SynDelay: A Synthetic Dataset for Delivery Delay Prediction
This addresses the problem of limited open datasets for researchers in supply chain AI, though it is incremental as it focuses on dataset creation rather than novel predictive methods.
The paper tackles the scarcity of high-quality datasets for delivery delay prediction in supply chain management by introducing SynDelay, a synthetic dataset generated from real-world data, which provides a challenging testbed for predictive modeling with baseline results and metrics.

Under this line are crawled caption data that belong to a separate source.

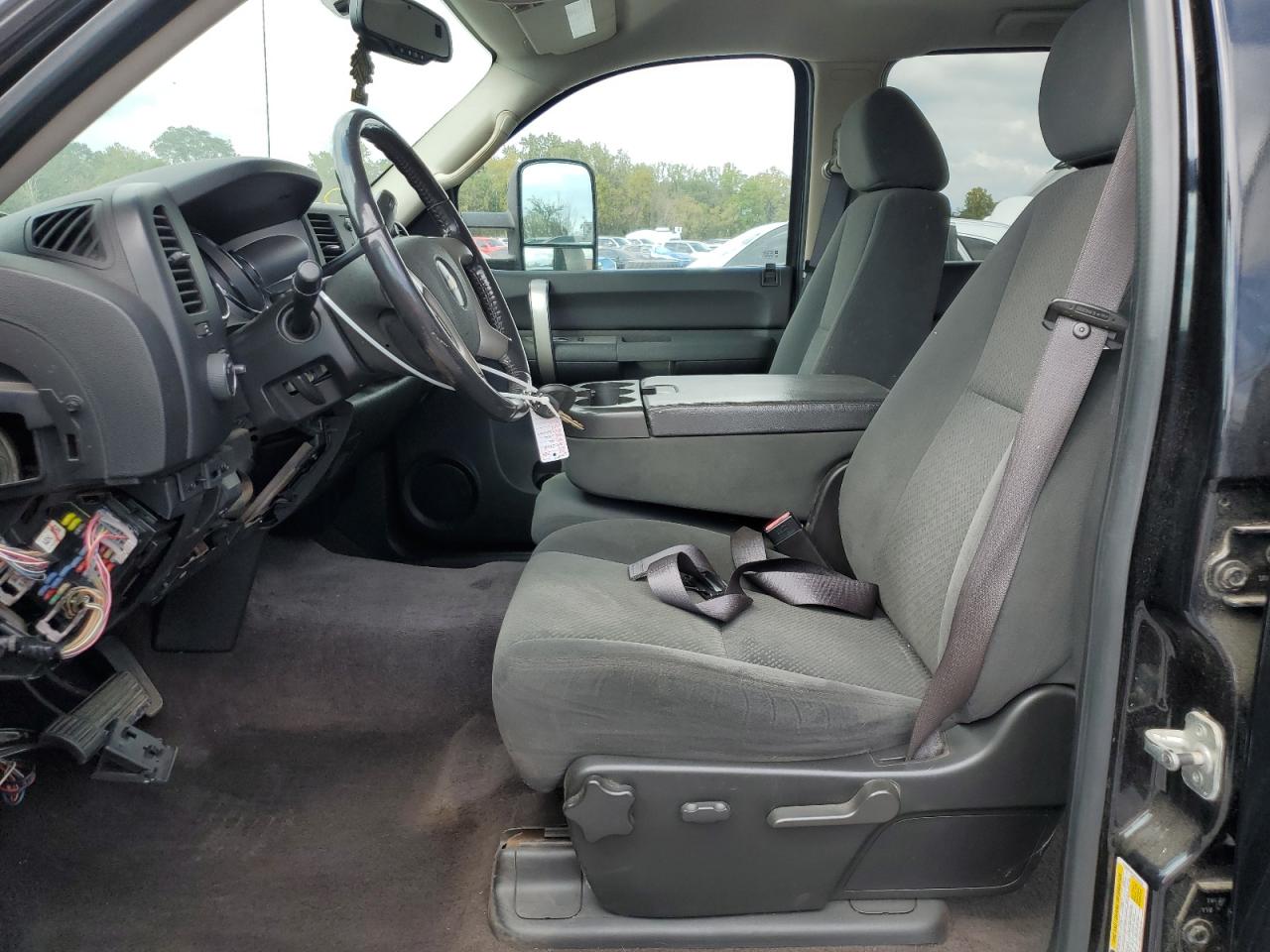 2008 Chevrolet Silverado K2500 Heavy Duty VIN: 1GCHK23K28F206659 Lot: 85750585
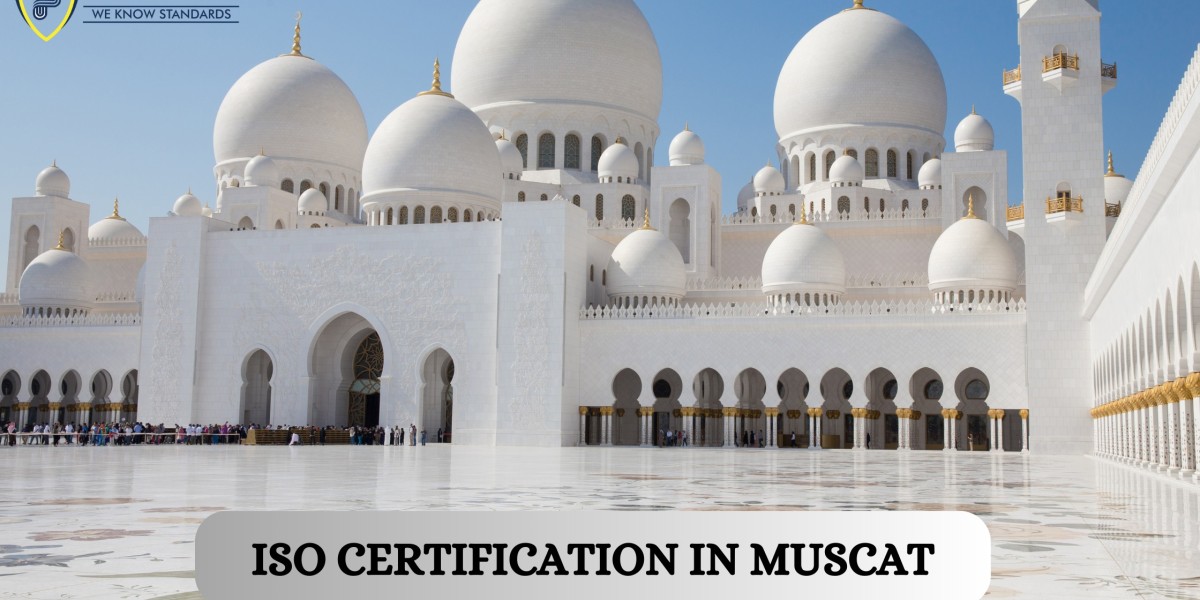 10 Reasons to Obtain ISO Certification in Muscat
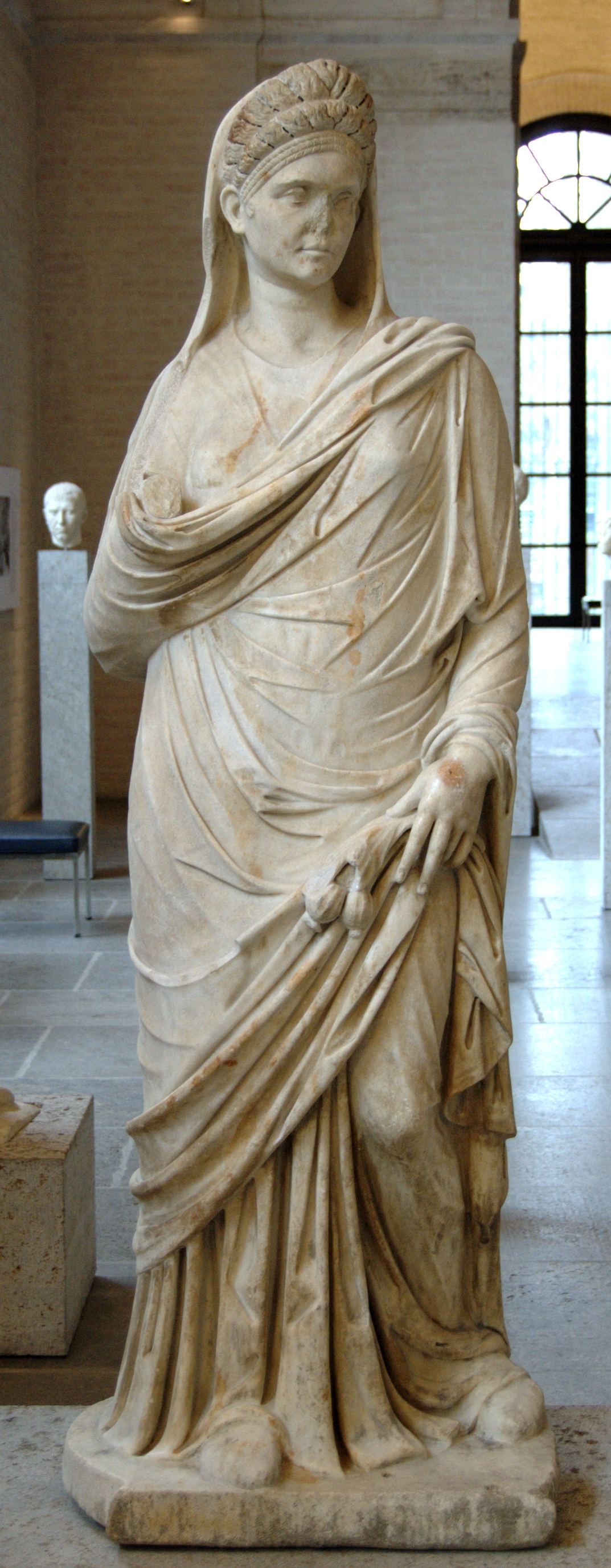 Matrona romana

Artificial intelligence (AI) is transforming supply chain management, yet progress in predictive tasks -- such as delivery delay prediction -- remains constrained by the scarcity of high-quality, openly available datasets. Existing datasets are often proprietary, small, or inconsistently maintained, hindering reproducibility and benchmarking. We present SynDelay, a synthetic dataset designed for delivery delay prediction. Generated using an advanced generative model trained on real-world data, SynDelay preserves realistic delivery patterns while ensuring privacy. Although not entirely free of noise or inconsistencies, it provides a challenging and practical testbed for advancing predictive modelling. To support adoption, we provide baseline results and evaluation metrics as initial benchmarks, serving as reference points rather than state-of-the-art claims. SynDelay is publicly available through the Supply Chain Data Hub, an open initiative promoting dataset sharing and benchmarking in supply chain AI. We encourage the community to contribute datasets, models, and evaluation practices to advance research in this area. All code is openly accessible at https://supplychaindatahub.org.